En tout état de cause, l’envoi de chars
signe la certitude d’une guerre longue, souhaitée de part et d’autre, sur le
dos du peuple ukrainien. Car ce sont les enfants, les femmes, les hommes, les
travailleurs ukrainiens qui subissent le déluge de souffrances et de peines
d’une guerre sanglante et destructrice, pour laquelle ils ne sont en rien
responsables.
L’Ukraine est désormais la proie
économique et géopolitique entre impérialismes antagoniques. Il faut faire
cesser cela ! et vite ! Les enfants de la Russie et les familles
populaires en paieront aussi le prix du sang et des larmes. Au-delà,
l’internationalisation de la guerre a déjà des effets collatéraux en cascade
contre les peuples du monde entier.
Pendant ce temps, les spéculateurs et
quelques grandes firmes, souvent à base nord-américaine, de l’armement, de
l’énergie, de l’agro-alimentaire, des transports engrangent des masses énormes
de capitaux tout en reconfigurant le capitalisme mondialisé. Ainsi, leur
domination, rendue encore plus agressive, s’accroît pour soumettre les
travailleurs du monde entier et les peuples aux sacrifices et aux restrictions
de libertés.
Les dirigeants américains ont donné le
ton dès le début de l’année, puis les ministres européens de la défense réunis
sur la base militaire américaine de Rammstein, le 26 janvier, ont exécuté. La
secrétaire adjointe à la défense a été claire sur les intentions : donner à
l’Ukraine tous les moyens dont elle aura besoin pour inverser la dynamique,
percer les lignes de défense russe et reconquérir ces territoires.
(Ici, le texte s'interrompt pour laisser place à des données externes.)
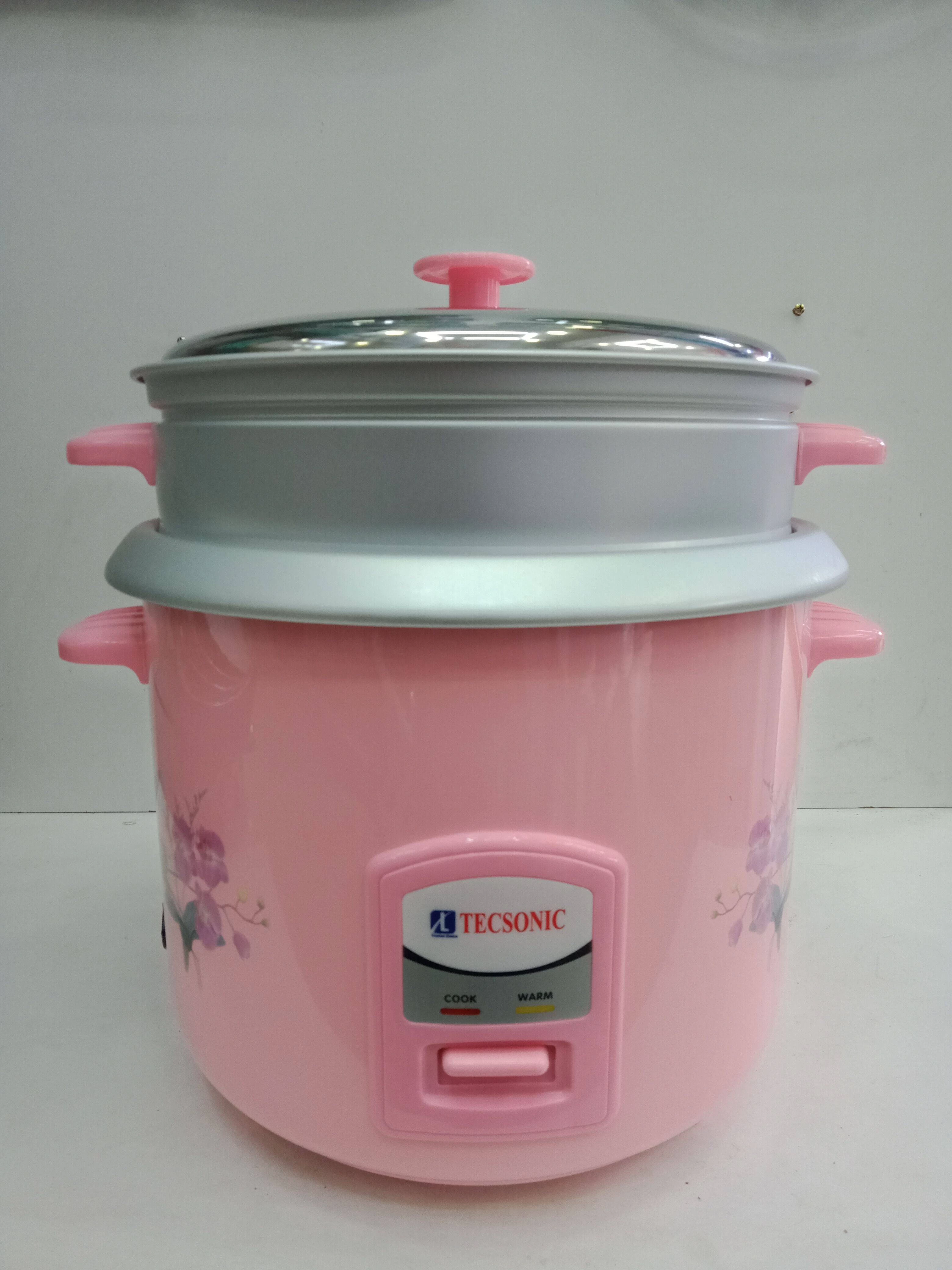 Tecsonic 1.0 L Rice Cooker -Trc10 - image 2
C’est donc l’enterrement définitif des
accords de Minsk. Il ne s’agit donc plus d’aider l’Ukraine à se défendre, mais
de passer à l’offensive. On glisse peu à peu sur la dangereuse pente d’une
co-belligérance et d’une confrontation, de plus en plus directe, entre les pays
de l’OTAN et la Russie.
La voie serait ainsi ouverte à tous les
risques, à tous les imprévus, à l’erreur fatale. Ce n’est donc pas de sommet de
guerre dont a besoin l’humanité aux prises d’une multitude de crises, interagissant
entre elles, au point d’en menacer l’existence.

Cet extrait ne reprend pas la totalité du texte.